It’s important to spend time with your spouse but how do we find the time? Here’s a suggestion, turn it off. What is “it” that I am referring to? Anything that comes in between you or interrupts, or has the potential to interrupt, your time together. If you are in the car, even for a few minutes, turn off the radio. Don’t force a conversation but sincerely ask your spouse what they are thinking about or how they are feeling. If they don’t feel like just opening up immediately (which may often be the case) that’s okay. Leave the radio off and wait. Most likely nine times out of ten they’ll open up and begin talking. And WHAMMO! you have a conversation.

Another suggestion is to turn off your cell phones or take the landline off the hook. I can’t count the number of times I’ve been out to dinner with my wife or simply at home watching a movie and snuggling and the phone will ring. Sometimes I suspect that the world is conspiring against us because we’ll be in the middle of a great conversation or just got comfortable in front of the television and RING! So turn it off.

Close your laptop or put away your iPad or smartphone. How many times I have seen couples together that are miles apart. Each of them surfing the internet looking at different things every few minutes saying “huh” and the other goes “what?” and then they share and both go back to being apart. There’s nothing inherently wrong with this but if the goal is to spend time together this isn’t the way.

The next time you and your spouse are trying to spend time together, consider turning “it” off, whatever “it” is. You’ll actually get to spend time with each other, mentally as well as physically.

Monday, September 24, 2012

Doing the Dishes and Other Things

I was speaking with a friend yesterday about his workplace and he shared some of the conversations that go on there on a regular basis. The one that intrigued me the most was about two of his co-workers, both married, and their conversations about marriage. The younger individual hasn’t been married for very long and seeks the advice of the other because he has been married for several years. My friend related that he often overhears the advice that is given to this newly wed which at times makes him cringe. This got me thinking about marriage advice in general and how abysmal much of it is. After six years of marriage (which I recognize does not make me an expert) the best advice I have is two-fold: make sure your priorities are correct and remember the small and simple things.
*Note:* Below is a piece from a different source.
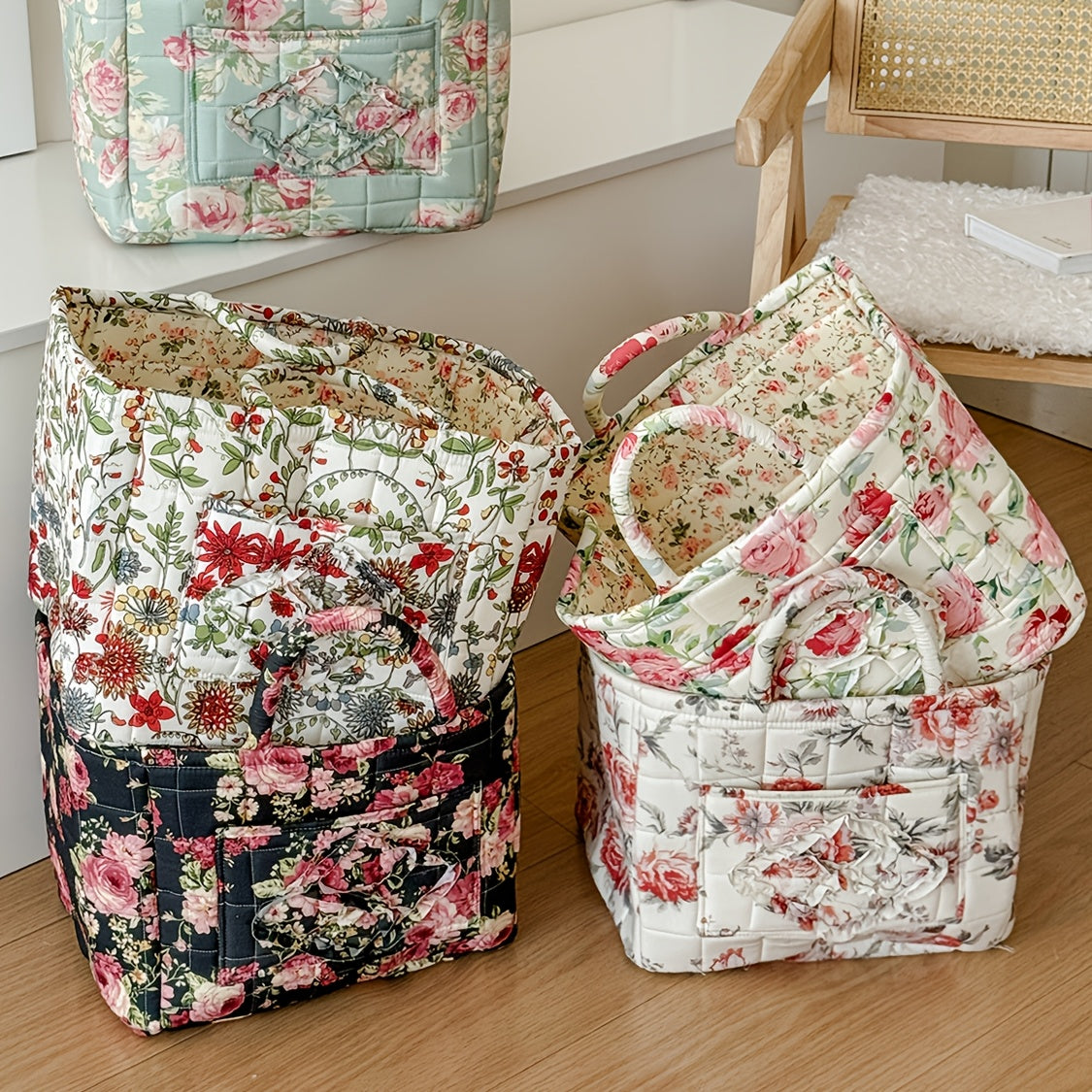 Large Floral Series [Storage Basket] Vintage Quilted Floral Portable Large-Capacity Home Storage Basket Suitable for Various Scenarios, Shelf Baskets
The hierarchy of priorities in one’s life should be first, their relationship with God; second, their relationship with their spouse; third, their relationship with their children; fourth, providing for and taking care of their family; then everything else. When our relationships are arranged in this order we will be able to receive direction from God that helps us show love for our spouse and family and care for them. God will bless our relationships and efforts and our capacity to love and accomplish will be enhanced.

Remembering the small and simple things is critical to finding and maintaining happiness in our lives and marriages. Expressing gratitude, carrying out random acts of kindness, saying “l love you,” spending time with those we love, doing the dishes and other household chores; these are the kinds of things that are simple to do but make all the difference in our lives. The more we do these things the happier we will be and the more satisfying our relationships, including marriage, will be. It’s simple, do the small things often.

That’s my advice: keep your priorities straight and do the small and simple things. While that sounds simple doing it takes effort, constant effort, but it’s worth it.

Saturday, September 22, 2012

What an Endeavor

My wife and I have a young family. With three children under the age of five most days are quite hectic. My sweet wife also began babysitting another child, two years old, recently to provide our family with a few additional dollars each month. Let’s just say that some days are hard. Sometimes she feels like she is at the breaking point.

Being a young father trying to establish my career, provide for my family, and give back to the community my days aren’t always simple and fun either. Sometimes I feel like I am at the breaking point. 

Yesterday was one of those days for both of us. I came home for lunch frustrated and tired to an exhausted and stressed wife. I vented, then she vented, then we told the children they had to stay in the front room and we went back to our bedroom to talk through it. She teared up, I listened and comforted. I complained and she encouraged. By the end of it (slightly over my allotted hour for lunch) we felt better. We were smiling and laughing. Yet, nothing in our lives had changed.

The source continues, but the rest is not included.